EMPLOYMENT APPEAL TRIBUNAL
58 VICTORIA EMBANKMENT, LONDON EC4Y 0DS
             At the Tribunal
             On 19 November 1997

Before

THE HONOURABLE MR JUSTICE LINDSAY

MRS D M PALMER

MR A D TUFFIN CBE



MRS E MENSAH APPELLANT

WHITTINGTON HOSPITAL NHS TRUST & OTHERS RESPONDENT


Transcript of Proceedings

JUDGMENT

Revised

© Copyright 1997


    APPEARANCES

     

    For the Appellant IN PERSON
    For the Respondents MRS I OMAMBALA
    (of Counsel)
    Bevan Ashford
    35 Colston Avenue
    Bristol
    BS1 4TT


     

    MR JUSTICE LINDSAY: We have before us an amended Notice of Appeal by Mrs E. Mensah in the case Mrs E Mensah against Whittington Hospital National Health Service Trust and Others.

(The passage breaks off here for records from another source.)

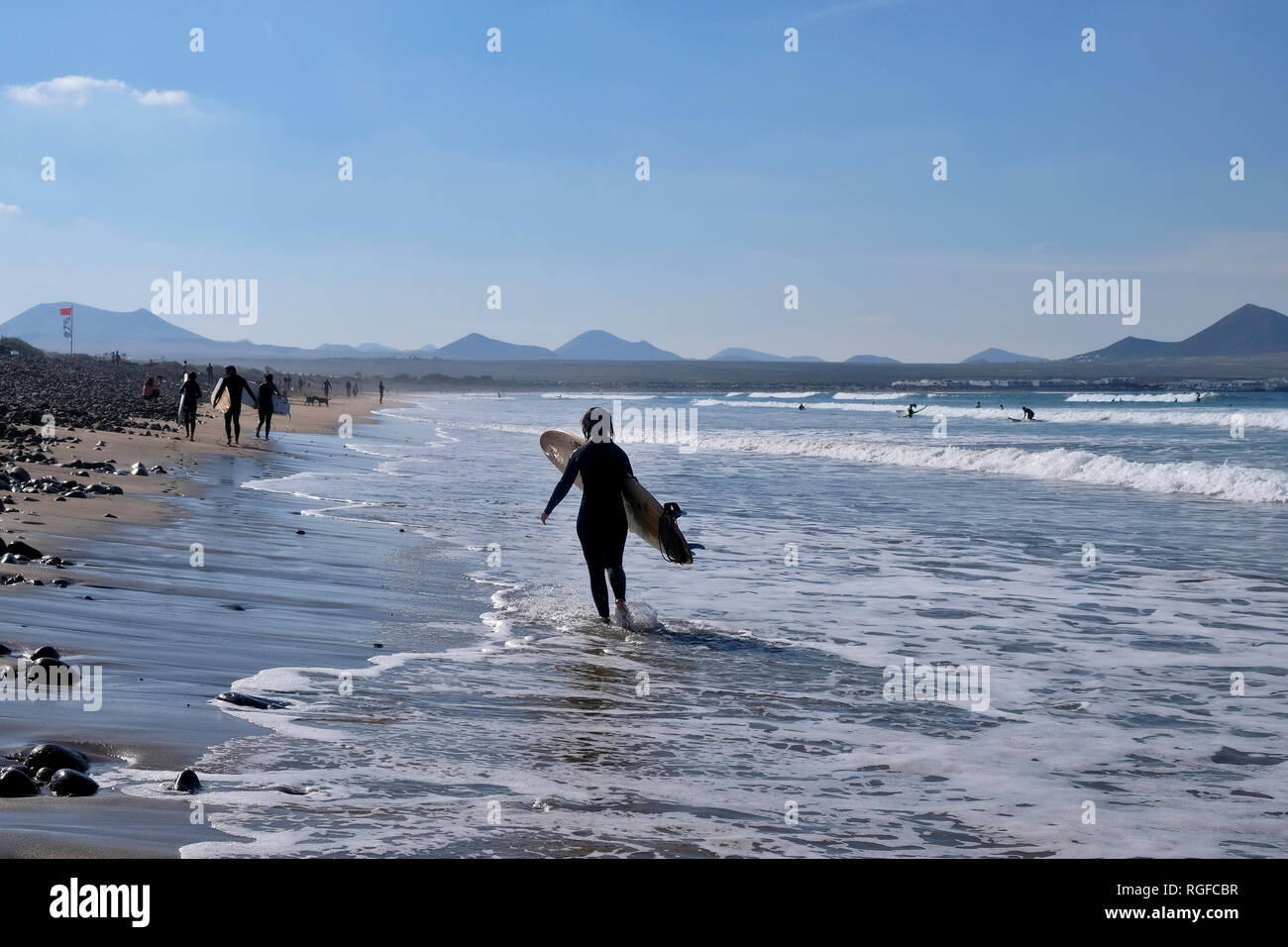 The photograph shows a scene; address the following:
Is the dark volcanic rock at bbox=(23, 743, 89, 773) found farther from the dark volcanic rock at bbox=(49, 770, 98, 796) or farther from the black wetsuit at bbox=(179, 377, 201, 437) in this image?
the black wetsuit at bbox=(179, 377, 201, 437)

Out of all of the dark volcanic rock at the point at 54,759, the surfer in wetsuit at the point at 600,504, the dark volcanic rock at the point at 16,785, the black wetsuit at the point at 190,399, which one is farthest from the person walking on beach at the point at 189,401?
the dark volcanic rock at the point at 16,785

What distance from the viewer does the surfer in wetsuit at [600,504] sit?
9547 millimetres

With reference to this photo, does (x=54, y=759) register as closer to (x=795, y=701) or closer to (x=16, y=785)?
(x=16, y=785)

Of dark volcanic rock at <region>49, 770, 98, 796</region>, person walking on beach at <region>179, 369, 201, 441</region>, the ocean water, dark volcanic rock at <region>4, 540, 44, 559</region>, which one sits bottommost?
the ocean water

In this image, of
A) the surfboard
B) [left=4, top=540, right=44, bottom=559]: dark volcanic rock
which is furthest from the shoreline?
the surfboard

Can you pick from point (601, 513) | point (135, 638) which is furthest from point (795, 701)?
point (135, 638)

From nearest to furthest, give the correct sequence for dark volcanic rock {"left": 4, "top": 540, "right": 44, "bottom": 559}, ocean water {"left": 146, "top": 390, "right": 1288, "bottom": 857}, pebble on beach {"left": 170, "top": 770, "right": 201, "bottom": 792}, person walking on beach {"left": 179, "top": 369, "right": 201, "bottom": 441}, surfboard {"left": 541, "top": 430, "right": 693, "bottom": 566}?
pebble on beach {"left": 170, "top": 770, "right": 201, "bottom": 792} < ocean water {"left": 146, "top": 390, "right": 1288, "bottom": 857} < dark volcanic rock {"left": 4, "top": 540, "right": 44, "bottom": 559} < surfboard {"left": 541, "top": 430, "right": 693, "bottom": 566} < person walking on beach {"left": 179, "top": 369, "right": 201, "bottom": 441}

Mrs Mensah has appeared today in person and the Trust appeared by Ms Omambala.

    It is necessary, in order to understand the case, to have some grasp of the procedural background to it and that begins, for immediate purposes, with Mrs Mensah's IT form of Originating Application on 23 February 1996. She claims in that unlawful refusal of employment under the Race Relations Act 1976, Section 1(1)(b), Section 2(1), Section 4(1)(c), Section 31 and Section 33(1). At that time the Originating Application was against Mrs Marie Grant and Miss O'Hara. I think it says, in fact, "Miss O'Hara & Co". At that point, at all events, the Trust itself was not a party.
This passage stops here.